В 2019 из Ингушетии убрали Евкурова. И уже в 2020 года там вновь начали действовать ячейки подполья, за которыми пытались охотиться силовики. Продолжается до сих пор: 2 марта 2024 года в Карабулаке штурмовали квартиру, где засели местные ИГИЛовцы.
Евкуров, на самом деле, сделал совершенно невероятные вещи в 2008 году. Сейчас такая ориентированная на диалог с обществом тактика, мягко говоря, не соответствует федеральной политике.
Практики “тупой силы”, когда отчетность важнее результата, воспроизводят террор, а не способствуют борьбе с ним. Напротив, там, где не мешали имамам, чьи проповеди отклонялись от принятого в этих местах канона, почему-то переставали стрелять. Это не универсальные рецепты. Но еще со времен русских «народников» известно правило: «Если вы зажимаете человеку рот, тем самым вы освобождаете ему руки». Но если вы даете людям поле для политической жизни, то есть шанс, что они не “пойдут в горы”.
Как в России применяется контртеррористическое законодательство
— После теракта в “Крокусе” региональные власти ужесточили законы в отношении мигрантов, камеры видеонаблюдения находят даже в кабинете гинеколога, а школы огораживают заборами и впускают на территорию только по расписанию. Кажется, под предлогом борьбы с терроризмом власти могут вводить любые ограничения.
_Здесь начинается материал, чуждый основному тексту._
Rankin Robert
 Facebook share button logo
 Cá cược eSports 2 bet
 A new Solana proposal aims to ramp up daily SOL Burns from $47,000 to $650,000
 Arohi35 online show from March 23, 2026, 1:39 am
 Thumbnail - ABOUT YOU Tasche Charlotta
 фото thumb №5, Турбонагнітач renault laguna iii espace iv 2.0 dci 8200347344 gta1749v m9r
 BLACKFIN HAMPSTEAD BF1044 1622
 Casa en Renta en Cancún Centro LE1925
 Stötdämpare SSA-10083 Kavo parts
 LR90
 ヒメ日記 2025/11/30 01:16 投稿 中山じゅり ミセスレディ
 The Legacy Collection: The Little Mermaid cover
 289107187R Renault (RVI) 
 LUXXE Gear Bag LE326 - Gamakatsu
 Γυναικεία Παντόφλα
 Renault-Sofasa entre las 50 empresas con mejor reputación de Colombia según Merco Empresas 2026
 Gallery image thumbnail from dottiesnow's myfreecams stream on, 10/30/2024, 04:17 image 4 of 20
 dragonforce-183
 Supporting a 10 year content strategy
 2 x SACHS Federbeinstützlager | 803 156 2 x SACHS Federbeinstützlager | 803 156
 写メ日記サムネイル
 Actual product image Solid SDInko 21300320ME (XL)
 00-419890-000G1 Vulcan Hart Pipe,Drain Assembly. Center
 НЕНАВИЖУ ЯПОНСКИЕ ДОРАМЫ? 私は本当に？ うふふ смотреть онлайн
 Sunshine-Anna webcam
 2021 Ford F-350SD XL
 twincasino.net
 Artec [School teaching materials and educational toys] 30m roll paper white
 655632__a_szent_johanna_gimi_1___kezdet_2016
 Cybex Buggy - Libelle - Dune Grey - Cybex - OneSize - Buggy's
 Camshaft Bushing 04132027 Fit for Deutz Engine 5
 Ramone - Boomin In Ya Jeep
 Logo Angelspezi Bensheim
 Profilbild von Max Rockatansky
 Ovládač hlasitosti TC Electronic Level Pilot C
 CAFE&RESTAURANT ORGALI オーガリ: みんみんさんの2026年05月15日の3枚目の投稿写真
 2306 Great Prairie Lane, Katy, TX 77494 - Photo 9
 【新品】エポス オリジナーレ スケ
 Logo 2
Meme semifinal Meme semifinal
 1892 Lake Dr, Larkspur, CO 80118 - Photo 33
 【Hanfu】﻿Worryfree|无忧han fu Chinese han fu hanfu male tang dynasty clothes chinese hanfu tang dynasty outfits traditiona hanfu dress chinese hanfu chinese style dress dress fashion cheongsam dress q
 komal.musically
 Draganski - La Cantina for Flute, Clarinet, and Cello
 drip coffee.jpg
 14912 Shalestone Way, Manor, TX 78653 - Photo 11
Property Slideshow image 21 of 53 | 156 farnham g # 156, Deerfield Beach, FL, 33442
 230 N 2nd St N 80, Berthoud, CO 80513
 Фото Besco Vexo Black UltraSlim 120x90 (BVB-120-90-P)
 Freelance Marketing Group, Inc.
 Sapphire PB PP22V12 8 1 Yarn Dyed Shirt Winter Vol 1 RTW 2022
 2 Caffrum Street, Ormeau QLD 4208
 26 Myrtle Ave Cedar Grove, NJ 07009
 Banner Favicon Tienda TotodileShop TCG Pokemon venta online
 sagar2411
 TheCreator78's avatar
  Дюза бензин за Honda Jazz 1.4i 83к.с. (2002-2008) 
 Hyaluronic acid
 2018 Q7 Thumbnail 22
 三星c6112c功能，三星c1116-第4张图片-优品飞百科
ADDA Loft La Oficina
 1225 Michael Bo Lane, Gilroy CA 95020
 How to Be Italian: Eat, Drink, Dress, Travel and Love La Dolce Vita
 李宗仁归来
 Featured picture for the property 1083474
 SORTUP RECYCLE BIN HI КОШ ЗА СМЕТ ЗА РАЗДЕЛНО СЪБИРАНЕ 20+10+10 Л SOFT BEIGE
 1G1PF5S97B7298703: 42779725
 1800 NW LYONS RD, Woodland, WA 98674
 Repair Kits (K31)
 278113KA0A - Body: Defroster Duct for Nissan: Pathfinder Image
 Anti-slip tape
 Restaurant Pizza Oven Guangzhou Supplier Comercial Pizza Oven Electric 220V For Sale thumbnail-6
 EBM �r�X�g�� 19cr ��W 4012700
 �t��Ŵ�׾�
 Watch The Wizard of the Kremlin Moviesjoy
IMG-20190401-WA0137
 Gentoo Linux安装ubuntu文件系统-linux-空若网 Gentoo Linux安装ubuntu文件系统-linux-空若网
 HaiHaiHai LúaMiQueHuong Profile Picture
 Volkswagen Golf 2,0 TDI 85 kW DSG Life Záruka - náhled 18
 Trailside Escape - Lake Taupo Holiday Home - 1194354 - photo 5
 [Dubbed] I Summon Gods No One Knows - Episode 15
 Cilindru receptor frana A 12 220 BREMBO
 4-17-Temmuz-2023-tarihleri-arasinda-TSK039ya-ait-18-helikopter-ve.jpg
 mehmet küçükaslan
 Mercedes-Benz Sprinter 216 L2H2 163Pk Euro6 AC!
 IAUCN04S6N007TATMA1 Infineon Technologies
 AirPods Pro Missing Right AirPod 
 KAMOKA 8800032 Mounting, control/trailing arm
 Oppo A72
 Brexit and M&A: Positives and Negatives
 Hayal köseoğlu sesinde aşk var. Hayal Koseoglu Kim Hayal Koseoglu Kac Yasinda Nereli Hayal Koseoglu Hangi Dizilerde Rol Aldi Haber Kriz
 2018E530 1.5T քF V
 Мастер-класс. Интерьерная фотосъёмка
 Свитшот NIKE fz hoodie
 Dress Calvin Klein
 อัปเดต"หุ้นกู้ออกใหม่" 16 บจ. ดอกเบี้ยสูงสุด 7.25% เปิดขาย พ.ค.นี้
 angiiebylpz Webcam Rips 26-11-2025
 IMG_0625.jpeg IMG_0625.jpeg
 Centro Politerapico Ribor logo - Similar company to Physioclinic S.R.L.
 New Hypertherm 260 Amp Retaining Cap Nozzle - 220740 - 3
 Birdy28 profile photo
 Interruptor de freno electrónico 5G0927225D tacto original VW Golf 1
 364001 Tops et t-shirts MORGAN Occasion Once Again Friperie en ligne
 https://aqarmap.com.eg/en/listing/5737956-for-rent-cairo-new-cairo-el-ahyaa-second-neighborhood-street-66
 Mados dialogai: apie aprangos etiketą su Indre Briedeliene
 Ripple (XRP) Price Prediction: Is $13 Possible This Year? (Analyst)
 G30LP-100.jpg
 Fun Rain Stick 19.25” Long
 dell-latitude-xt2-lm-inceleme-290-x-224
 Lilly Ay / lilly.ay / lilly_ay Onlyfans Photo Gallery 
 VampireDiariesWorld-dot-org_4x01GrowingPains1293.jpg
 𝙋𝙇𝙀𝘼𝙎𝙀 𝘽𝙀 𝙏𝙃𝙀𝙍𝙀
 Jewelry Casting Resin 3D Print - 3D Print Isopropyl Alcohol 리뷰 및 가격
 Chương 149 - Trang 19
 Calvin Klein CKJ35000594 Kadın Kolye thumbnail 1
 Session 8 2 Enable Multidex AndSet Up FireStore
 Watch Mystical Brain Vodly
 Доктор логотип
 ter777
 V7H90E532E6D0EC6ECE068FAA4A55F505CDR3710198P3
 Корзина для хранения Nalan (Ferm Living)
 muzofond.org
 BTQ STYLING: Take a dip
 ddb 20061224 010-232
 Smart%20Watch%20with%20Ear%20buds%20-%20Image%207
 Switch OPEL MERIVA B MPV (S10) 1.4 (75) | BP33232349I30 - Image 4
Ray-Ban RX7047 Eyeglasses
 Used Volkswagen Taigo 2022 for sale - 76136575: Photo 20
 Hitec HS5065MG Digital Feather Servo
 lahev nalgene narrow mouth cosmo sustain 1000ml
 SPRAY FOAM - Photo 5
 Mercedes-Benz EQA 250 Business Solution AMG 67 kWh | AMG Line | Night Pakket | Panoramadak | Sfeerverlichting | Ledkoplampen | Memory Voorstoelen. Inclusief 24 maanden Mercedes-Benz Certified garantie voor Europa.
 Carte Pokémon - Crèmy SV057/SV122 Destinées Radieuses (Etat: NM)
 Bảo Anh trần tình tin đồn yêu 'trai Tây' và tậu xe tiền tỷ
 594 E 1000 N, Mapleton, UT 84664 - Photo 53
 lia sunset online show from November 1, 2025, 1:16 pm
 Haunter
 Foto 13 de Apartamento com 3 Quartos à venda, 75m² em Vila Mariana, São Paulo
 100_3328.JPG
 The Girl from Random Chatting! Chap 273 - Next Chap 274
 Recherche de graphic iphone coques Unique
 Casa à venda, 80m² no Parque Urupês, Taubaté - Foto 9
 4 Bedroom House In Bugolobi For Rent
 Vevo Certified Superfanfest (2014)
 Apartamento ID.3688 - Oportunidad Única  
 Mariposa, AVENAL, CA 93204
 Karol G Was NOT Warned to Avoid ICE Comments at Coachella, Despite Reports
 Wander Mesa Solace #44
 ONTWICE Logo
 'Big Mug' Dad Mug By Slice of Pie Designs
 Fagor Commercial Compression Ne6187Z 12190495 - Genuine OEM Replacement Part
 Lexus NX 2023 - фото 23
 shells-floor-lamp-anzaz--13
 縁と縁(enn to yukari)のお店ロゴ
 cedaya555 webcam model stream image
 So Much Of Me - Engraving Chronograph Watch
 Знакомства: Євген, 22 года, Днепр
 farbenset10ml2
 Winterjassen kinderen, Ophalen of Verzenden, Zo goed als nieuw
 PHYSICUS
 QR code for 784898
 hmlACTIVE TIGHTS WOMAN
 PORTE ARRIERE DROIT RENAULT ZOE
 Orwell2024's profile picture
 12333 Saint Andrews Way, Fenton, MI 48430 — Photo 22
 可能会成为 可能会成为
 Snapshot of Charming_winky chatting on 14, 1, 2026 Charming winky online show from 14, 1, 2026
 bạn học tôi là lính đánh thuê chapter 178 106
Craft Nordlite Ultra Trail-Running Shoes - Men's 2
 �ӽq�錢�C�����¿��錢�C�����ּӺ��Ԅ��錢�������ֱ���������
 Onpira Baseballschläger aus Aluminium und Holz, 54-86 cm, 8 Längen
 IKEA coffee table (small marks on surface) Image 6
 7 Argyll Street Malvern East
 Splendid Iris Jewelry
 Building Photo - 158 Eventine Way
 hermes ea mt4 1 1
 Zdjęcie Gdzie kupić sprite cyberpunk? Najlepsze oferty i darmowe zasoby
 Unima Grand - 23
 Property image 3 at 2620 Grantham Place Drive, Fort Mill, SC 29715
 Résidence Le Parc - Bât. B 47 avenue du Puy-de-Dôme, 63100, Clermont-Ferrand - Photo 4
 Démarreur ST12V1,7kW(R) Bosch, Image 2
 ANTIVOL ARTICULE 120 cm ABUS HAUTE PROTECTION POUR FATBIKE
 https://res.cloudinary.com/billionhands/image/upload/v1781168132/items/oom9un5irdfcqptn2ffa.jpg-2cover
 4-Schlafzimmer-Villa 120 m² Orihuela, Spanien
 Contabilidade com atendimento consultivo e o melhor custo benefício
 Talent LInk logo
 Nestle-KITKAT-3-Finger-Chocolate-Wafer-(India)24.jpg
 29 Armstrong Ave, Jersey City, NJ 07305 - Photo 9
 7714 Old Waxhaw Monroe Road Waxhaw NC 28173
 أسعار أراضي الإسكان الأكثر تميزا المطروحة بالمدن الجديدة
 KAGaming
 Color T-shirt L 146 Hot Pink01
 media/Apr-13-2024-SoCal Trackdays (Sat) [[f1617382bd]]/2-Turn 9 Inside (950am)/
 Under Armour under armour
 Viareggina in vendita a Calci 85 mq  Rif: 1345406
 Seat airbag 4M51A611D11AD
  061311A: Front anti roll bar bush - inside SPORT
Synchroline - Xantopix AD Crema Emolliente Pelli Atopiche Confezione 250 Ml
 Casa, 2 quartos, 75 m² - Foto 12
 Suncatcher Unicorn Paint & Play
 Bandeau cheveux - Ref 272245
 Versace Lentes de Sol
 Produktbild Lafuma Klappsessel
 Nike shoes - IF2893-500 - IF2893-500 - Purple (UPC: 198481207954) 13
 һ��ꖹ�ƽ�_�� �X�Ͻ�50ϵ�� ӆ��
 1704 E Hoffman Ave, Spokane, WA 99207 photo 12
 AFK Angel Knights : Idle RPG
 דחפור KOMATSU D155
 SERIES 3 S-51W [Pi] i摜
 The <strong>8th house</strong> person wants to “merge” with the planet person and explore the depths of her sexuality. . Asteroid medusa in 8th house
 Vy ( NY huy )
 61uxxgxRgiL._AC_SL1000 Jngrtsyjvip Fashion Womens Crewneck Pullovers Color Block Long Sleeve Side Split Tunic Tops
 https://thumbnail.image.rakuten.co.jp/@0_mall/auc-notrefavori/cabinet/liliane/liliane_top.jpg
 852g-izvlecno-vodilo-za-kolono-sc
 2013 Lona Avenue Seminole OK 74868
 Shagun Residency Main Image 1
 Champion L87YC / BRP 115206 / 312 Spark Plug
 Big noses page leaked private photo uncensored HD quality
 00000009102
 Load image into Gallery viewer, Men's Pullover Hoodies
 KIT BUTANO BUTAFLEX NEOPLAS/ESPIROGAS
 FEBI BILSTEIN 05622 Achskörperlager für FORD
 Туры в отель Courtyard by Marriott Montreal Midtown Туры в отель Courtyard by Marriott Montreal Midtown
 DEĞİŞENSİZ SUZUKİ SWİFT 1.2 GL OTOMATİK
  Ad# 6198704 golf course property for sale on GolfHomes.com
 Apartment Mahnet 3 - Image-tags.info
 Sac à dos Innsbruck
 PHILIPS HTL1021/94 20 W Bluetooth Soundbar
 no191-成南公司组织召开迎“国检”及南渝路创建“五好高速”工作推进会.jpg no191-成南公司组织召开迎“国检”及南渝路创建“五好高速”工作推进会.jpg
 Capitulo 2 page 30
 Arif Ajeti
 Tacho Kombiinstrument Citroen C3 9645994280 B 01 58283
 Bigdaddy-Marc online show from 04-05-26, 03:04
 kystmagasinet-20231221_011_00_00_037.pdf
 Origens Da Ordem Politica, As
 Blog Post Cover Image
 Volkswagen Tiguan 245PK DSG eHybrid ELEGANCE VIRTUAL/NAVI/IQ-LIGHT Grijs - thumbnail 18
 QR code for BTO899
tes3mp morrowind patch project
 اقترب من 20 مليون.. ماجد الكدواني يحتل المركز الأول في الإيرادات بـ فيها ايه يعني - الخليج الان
— Оказалось, что «борьбой с терроризмом» можно обосновать все что угодно. Камеры на каждом подъезде и камеры в метро, которые установлены под предлогом «борьбы с терроризмом». Система распознавания лиц, которая, оказывается, позволяет выявлять также оппозиционеров или призывников. Мы видим, как за четверть века под предлогом защиты общества от террористов выстроена совершенно оруэлловская система.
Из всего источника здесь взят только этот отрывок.